Crítica | Veneno é o retrato de Cristina Ortiz e a dura vida das travestis

Série baseada em fatos reais, conta a história da famosa La Veneno sem suavizar a dura realidade e marginalidade da vida das travestis.

Cristina Ortiz Rodríguez (1964-2016) era o nome de uma das mais famosas travestis da Espanha, história contada em Veneno, minissérie de 8 capítulos produzida pela HBO Max. Muito conhecida na Espanha na década de 90, La Veneno, como era chamada, foi atriz, cantora e profissional do sexo, se destacou por ser uma figura polêmica, mais acima de tudo autêntica e muito sincera.
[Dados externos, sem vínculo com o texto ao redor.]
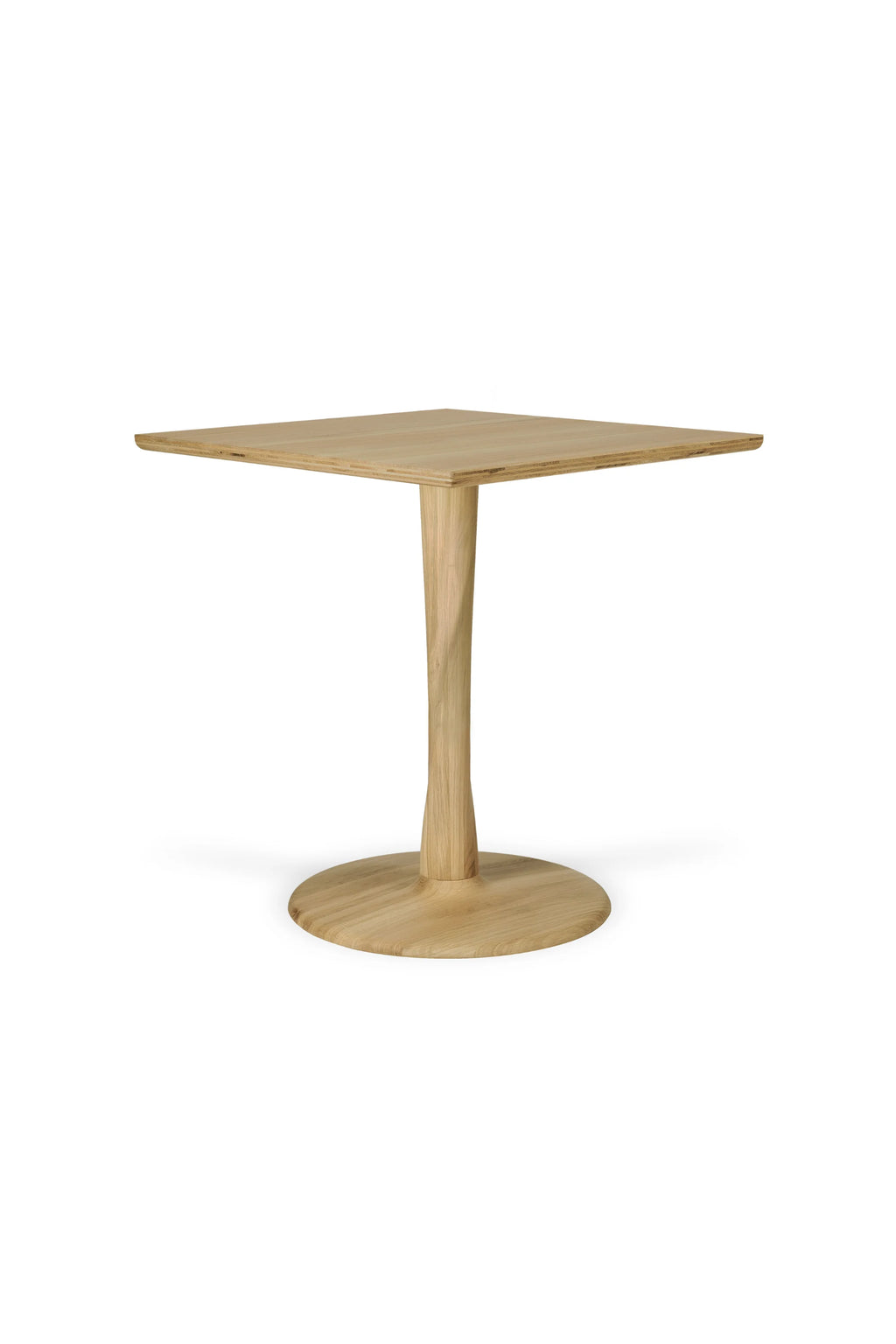 Ethnicraft Torsion Dining Table, a contemporary square dining table crafted from light oak wood with a smooth finish and subtle visible plywood layers on the tabletop edge.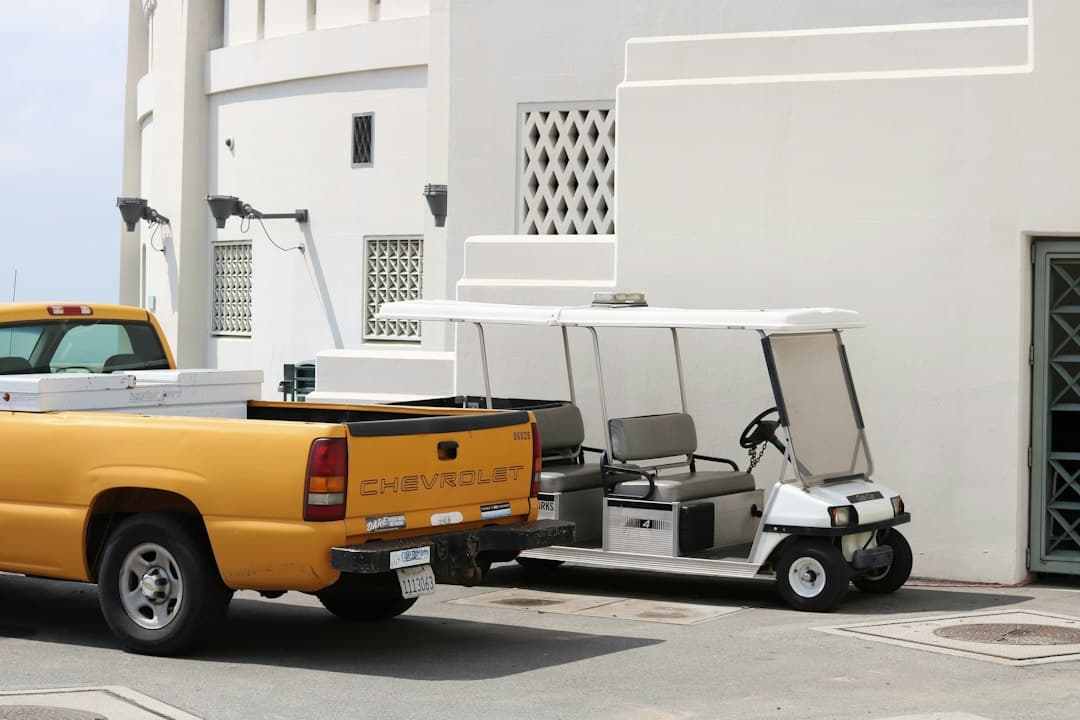 A truck and golf cart parked near a building — Photo by Josh Paek on Unsplash
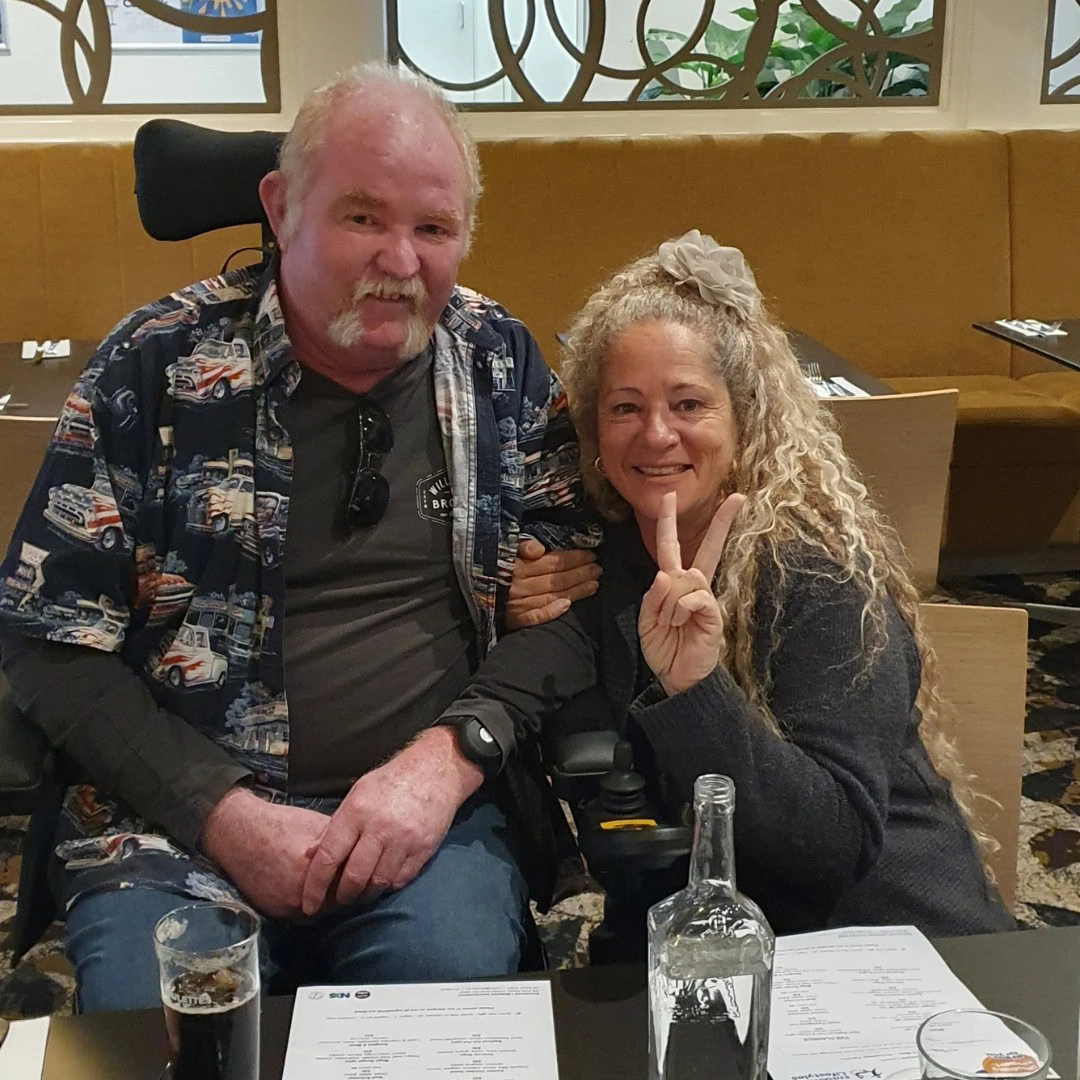 Two people sitting at a restaurant table, smiling. The person on the left is wearing a patterned shirt, and the person on the right is making a peace sign with their fingers.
Na série conhecemos Valeria Vegas (Lola Rodríguez), uma jovem estudante de jornalismo, que se encanta com La Veneno e a partir de sua admiração, começa a escrever um livro sobre a cantora. Conforme Valeria conhece a história de Cristina, seus laços se estreitam e a jornalista descobre mais sobre a mulher que lhe inspira e sobre si mesma.

Cristina La Veneno no lançamento do livro de suas memórias

Baseada no livro ‘Not A Whore, Not A Saint: The Memories of La Veneno’, escrito de fato pela verdadeira Valeria Vegas, a produção não poupa esforços para mostrar a dura realidade da vida das travestis, mostrando toda crueldade e sofrimento que a falta de oportunidade e a marginalização causam na vida destas mulheres.

Em Veneno, podemos sentir o peso físico e psicológico da vida de quem nasceu com o gênero oposto ao que lhe foi atribuído no nascimento, conhecendo os aspectos mais íntimos e por vezes exaustivos do processo de autodescoberta. Cristina é interpretada em três fases distintas por JEDET, Daniela Santiago e Isabel Torres. Além disso, o pequeno Guile Márquez e o jovem Marcos Sotkovski dão vida as versões criança e adolescente da personagem principal e em seus respectivos recortes de tempo, brilham de forma exponencial para contar esta história.

Outro ponto importante do elenco é a presença da própria escritora Valeria Vegas, que faz uma aparição em um dos episódios, como recrutadora de um veículo de comunicação. Além disso, Paca La Piraña, melhor amiga de Cristina, interpreta a si mesma durante toda a série, conferindo ainda mais força a realidade da obra.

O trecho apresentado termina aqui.